In some instances, zeros appear frequently in the data, indicating a specific structure that a simple Poisson model fails to account for, leading to biased and inaccurate estimates. To address this issue, we employ zero-inflated regression models, which are designed to handle datasets with an excess of zero counts by modeling both the occurrence of zeros and the count data separately.

The purpose of this vignette is to illustrate the application of zero-inflated regression in the analysis of insurance data, specifically using the freMTPL6 dataset from Charpentier (2014). This dataset comprises detailed information on insurance contracts and claims related to French motor third-party liability insurance. By applying zero-inflated regression, we aim to accurately model the frequency of claims and investigate the factors that influence claim occurrences within this insurance data, providing a more nuanced understanding than standard count models.

Required Packages

Show the code
required_libraries <- c(
  "tidyverse",
  "CASdatasets",
  "pscl",
  "splines",
  "AER",
  "broom",
  "knitr",
  "kableExtra"
)
invisible(lapply(required_libraries, library, character.only = TRUE))

Data

The data used in this vignette are sourced from a French motor third-party liability insurance portfolio.

The dataset, freMPL6, contains comprehensive details on insurance contracts and client information, obtained from a French insurance company. This dataset specifically pertains to a motor insurance portfolio, providing valuable insights into the characteristics and behavior of policyholders within this segment of the insurance market.

Dictionaries

The list of the 20 variables from the freMPL6 dataset is reported in Table 1.

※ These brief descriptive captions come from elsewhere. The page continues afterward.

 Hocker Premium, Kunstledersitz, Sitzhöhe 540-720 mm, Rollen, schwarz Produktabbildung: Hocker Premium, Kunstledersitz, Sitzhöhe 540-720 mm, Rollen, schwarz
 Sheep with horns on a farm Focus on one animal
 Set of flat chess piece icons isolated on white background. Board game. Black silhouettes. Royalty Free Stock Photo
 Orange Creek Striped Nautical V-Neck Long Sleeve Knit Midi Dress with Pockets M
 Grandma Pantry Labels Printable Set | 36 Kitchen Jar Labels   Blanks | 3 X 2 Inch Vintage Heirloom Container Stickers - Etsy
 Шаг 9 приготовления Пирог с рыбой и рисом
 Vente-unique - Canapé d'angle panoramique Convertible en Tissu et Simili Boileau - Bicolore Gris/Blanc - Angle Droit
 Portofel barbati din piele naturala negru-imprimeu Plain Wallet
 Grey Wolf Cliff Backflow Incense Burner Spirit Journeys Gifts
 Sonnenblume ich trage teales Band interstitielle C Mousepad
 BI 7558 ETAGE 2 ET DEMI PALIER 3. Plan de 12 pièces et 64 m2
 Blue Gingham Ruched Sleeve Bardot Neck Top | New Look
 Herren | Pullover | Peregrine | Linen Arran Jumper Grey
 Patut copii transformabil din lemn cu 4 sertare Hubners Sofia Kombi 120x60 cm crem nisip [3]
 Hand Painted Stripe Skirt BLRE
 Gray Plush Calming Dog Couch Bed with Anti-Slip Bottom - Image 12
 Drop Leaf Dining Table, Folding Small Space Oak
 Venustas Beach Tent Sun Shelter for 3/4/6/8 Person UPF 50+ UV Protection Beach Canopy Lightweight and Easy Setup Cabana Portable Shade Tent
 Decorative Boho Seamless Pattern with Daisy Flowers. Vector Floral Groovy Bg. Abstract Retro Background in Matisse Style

Table 1: Content of the freMPL6 dataset
Attribute Type Description
Exposure Numeric The exposure, in years
LicAge Numeric The driving license age, in months
RecordBeg Date Beginning date of record
RecordEnd Date End date of record
Gender Factor Gender of the driver, either “Male” or “Female”
MariStat Factor Marital status of the driver, either “Alone” or “Other”
SocioCateg Factor Socio-economic category of the driver, known as CSP in France, between “CSP1” and “CSP99”
VehUsage Factor Usage of the vehicle, among “Private”, “Private+trip to office”, “Professional”, “Professional run”
DrivAge Numeric Age of the driver, in years
HasKmLimit Boolean Indicator if there’s a mileage limit for the policy, 1 if yes, 0 otherwise
ClaimAmount Numeric Total claim amount of the guarantee
ClaimNbResp Numeric Number of responsible claims in the 4 preceding years
ClaimNbNonResp Numeric Number of non-responsible claims in the 4 preceding years
ClaimNbParking Numeric Number of parking claims in the 4 preceding years
ClaimNbFireTheft Numeric Number of fire-theft claims in the 4 preceding years
ClaimNbWindscreen Numeric Number of windscreen claims in the 4 preceding years
OutUseNb Numeric Number of out-of-use instances in the 4 preceding years
RiskArea Numeric Unknown risk area, between 1 and 13, possibly ordered
BonusMalus Numeric Bonus-malus coefficient, between 50 and 350: <100 means bonus, >100 means malus in France
ClaimInd Boolean Claim indicator of the guarantee (this is not the claim number)

Importation

code for importing our datasets
data("freMPL6")

freMPL6$DrivAgefactor <- cut(freMPL6$DrivAge,
                        breaks = c(-Inf, 25, 40, 60, 70, Inf),
                        labels = c("18-25","25-40", "40-60", "50-70", "70+"),
                        right = FALSE)

Models

Purpose

In the context of insurance, Zero-inflated regression models, such as Zero-inflated Poisson (ZIP) and Zero-inflated Negative Binomial (ZINB), are essential tools for gaining a more nuanced understanding of data compared to simple Poisson regression. These models are particularly advantageous when dealing with datasets that exhibit an excess of zeros, as they differentiate between zeros that result from structural causes (e.g., policyholders who never file claims) and those that occur by random chance.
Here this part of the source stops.